Workflow for Sanchipat:
- Scan at 600 DPI in color (not grayscale) — captures the spectral difference between ink and leaf surface
- Convert to grayscale using a channel mix that enhances the red channel (palm leaf ink absorbs differently in red vs blue)
- Apply CLAHE (Contrast Limited Adaptive Histogram Equalization) to stretch local contrast
- Apply Sauvola binarization
- Run through DRISTI OCR with the historical document model selected
For detailed comparison of OCR software that handles historical material, see the best Assamese OCR software comparison.
Phone Camera vs Flatbed Scanner
| Factor | Flatbed Scanner | Phone Camera |
|---|---|---|
| Resolution consistency | Consistent, calibrated | Variable; depends on distance and lens |
| Geometric distortion | Minimal | Book spine causes binding shadow and curve |
| Lighting | Internal even illumination | Ambient light; shadow risk |
| DPI equivalent (typical) | Specified exactly | 200–250 effective DPI at 30 cm |
| Speed | Slow (30–60 seconds per page) | Fast (2–3 seconds per page) |
| Batch workflow | Automatic document feeder available | Manual; requires physical handling |
| Best use case | Archive-quality digitization | Field capture, document verification |
For production digitization of books or newspaper archives, a flatbed scanner is the correct tool. Phone cameras are appropriate for field capture of individual documents where archival quality is not the goal, or when the document cannot be physically moved to a scanning station.

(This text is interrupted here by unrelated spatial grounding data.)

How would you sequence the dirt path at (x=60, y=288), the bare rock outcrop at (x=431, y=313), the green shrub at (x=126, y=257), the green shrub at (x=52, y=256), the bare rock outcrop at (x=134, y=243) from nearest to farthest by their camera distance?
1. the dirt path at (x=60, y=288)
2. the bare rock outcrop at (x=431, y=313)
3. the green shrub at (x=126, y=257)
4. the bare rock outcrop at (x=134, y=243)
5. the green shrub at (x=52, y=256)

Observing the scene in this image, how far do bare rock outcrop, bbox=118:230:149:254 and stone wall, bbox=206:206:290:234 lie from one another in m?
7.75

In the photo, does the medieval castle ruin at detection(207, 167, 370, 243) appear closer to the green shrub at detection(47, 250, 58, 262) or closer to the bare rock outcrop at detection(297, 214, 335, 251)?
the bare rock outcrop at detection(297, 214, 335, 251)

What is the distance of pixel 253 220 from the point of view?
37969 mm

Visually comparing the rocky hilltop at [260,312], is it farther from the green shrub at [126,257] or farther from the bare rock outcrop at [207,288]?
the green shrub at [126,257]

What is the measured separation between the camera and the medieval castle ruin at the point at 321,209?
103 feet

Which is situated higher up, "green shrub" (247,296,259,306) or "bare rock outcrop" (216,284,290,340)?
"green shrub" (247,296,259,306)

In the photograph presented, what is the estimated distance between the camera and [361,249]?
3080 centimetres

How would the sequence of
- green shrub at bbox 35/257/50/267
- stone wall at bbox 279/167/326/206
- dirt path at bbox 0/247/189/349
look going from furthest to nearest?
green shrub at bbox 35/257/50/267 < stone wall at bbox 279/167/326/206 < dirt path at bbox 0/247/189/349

The single highest return-on-investment preprocessing step is scanning at adequate resolution. If you are currently scanning at 200 DPI and experiencing accuracy problems, increasing to 300 or 400 DPI will improve results more than any downstream software processing.
Next Steps After Preprocessing
Once your images are correctly preprocessed, the next step is running them through DRISTI OCR for text extraction. The complete workflow for book-length projects is documented in the Assamese book digitization guide. For newspaper archives with multi-column layouts and mixed fonts, the Assamese newspaper OCR guide covers the newspaper-specific challenges.

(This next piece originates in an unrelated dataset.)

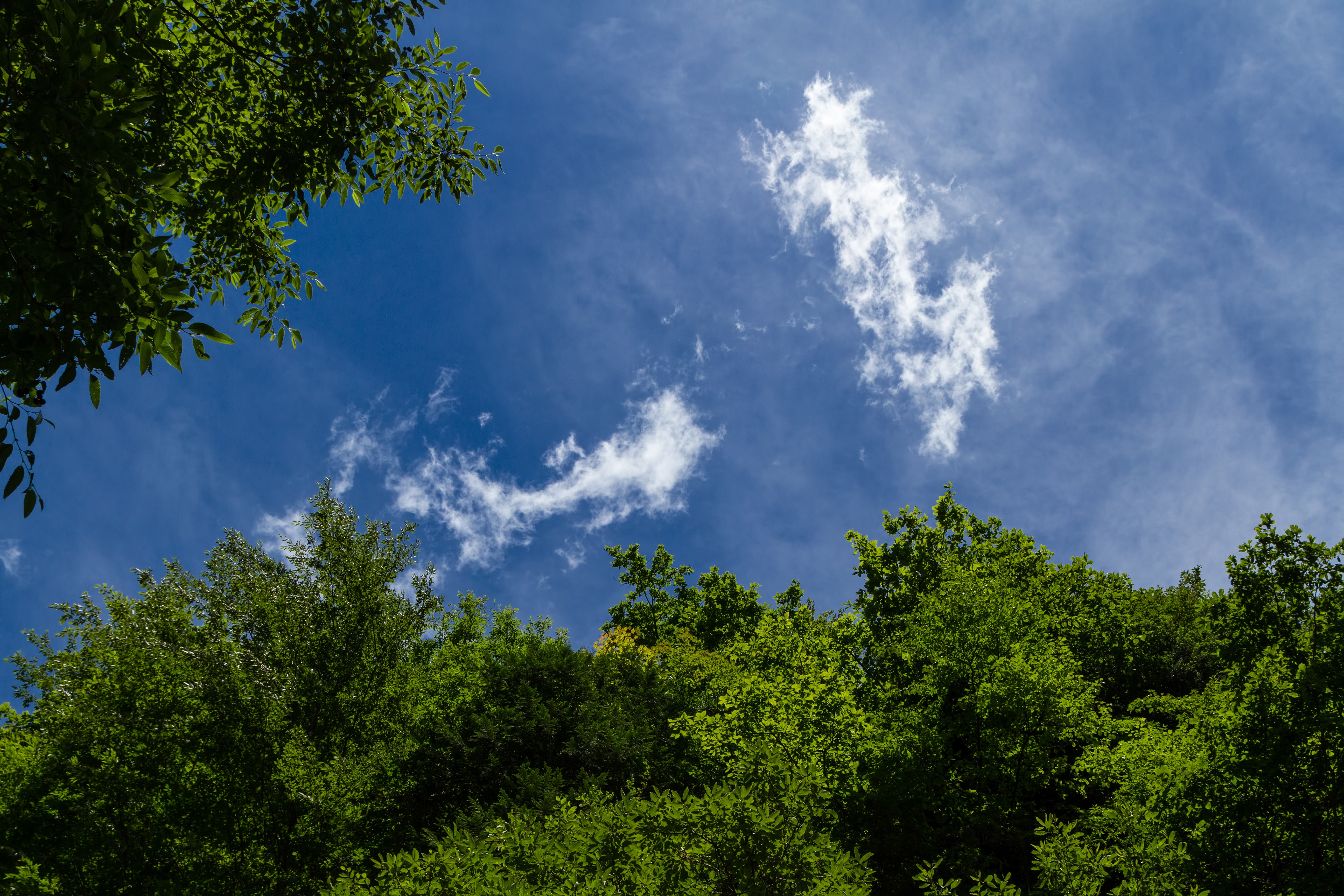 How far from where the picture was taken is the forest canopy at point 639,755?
919 centimetres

After OCR, the output is Unicode text. If your DTP pipeline requires Geetanjali encoding (for PageMaker), convert it with Rupantarak. For new content creation rather than digitization, the Jahnabi Pro Keyboard provides professional Unicode Assamese input without the scanning step entirely.
Frequently Asked Questions
What DPI should I use to scan Assamese books for OCR?

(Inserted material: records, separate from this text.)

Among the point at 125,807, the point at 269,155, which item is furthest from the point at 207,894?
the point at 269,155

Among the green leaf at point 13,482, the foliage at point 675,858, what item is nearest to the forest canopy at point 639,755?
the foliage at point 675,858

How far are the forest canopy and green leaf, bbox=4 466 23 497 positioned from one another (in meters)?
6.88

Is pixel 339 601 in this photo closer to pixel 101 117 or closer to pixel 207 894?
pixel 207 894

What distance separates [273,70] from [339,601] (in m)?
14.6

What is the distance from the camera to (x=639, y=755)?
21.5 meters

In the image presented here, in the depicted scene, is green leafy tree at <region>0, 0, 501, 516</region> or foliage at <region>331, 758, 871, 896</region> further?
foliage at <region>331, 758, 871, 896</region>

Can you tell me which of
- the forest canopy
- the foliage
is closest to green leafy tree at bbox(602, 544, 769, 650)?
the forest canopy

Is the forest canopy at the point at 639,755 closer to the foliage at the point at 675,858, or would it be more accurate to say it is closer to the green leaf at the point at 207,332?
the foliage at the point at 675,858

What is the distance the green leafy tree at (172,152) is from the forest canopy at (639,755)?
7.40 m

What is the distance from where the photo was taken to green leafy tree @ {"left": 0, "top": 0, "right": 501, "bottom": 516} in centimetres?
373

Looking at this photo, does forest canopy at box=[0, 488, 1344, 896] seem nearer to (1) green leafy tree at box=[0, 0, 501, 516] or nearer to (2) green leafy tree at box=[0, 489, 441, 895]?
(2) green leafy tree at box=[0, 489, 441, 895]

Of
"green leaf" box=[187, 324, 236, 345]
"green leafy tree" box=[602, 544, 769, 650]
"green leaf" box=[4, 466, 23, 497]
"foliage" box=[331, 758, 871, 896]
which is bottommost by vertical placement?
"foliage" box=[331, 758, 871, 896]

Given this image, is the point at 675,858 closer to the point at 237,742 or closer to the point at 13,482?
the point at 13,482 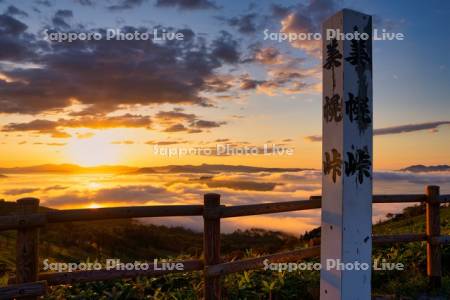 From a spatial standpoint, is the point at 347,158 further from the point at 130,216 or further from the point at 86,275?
the point at 86,275

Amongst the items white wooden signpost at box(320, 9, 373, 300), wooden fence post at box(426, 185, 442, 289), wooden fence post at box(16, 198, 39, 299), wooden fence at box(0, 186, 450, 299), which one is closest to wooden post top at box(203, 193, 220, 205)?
wooden fence at box(0, 186, 450, 299)

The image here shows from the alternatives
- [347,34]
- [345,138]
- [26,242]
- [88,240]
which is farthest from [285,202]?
[88,240]

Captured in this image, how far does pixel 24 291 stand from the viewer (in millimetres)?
4996

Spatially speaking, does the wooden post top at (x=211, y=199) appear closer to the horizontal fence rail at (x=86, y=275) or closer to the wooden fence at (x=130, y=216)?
the wooden fence at (x=130, y=216)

300 DPI is the minimum for clean post-1990 printed books. Use 400 DPI for newspapers and pre-1990 material. Use 600 DPI for faded letterpress prints, Sanchipat manuscripts, or heavily degraded documents. Higher DPI than necessary will not improve accuracy beyond a point but significantly increases file size and processing time.
Should I scan Assamese documents in grayscale or black and white?
Scan in grayscale (8-bit) and let the OCR software or a preprocessing step perform binarization. Scanning directly to binary (1-bit black and white) bakes a single global threshold into the image, which loses detail on uneven pages. Grayscale preserves this information and allows adaptive binarization to recover faint strokes.
How do I fix a skewed scan before running Assamese OCR?
Use deskewing software (DRISTI includes automatic deskew, or use tools like ScanTailor or GIMP's Rotate by fixed angle). Even a 1–2 degree tilt causes the Shirorekha to angle across columns, breaking character segmentation. Pages rotated more than 5 degrees from horizontal see significant accuracy drops in Assamese OCR.
Can I use a phone camera instead of a flatbed scanner for Assamese OCR?
Phone cameras can produce usable results if lighting is controlled (no shadows, no reflections), the document is completely flat, and the camera is held perpendicular to the page surface. Use the highest resolution setting and ensure even, diffuse lighting. For books, a book scanner stand prevents binding shadow. For archive-quality work, a flatbed scanner is strongly preferred.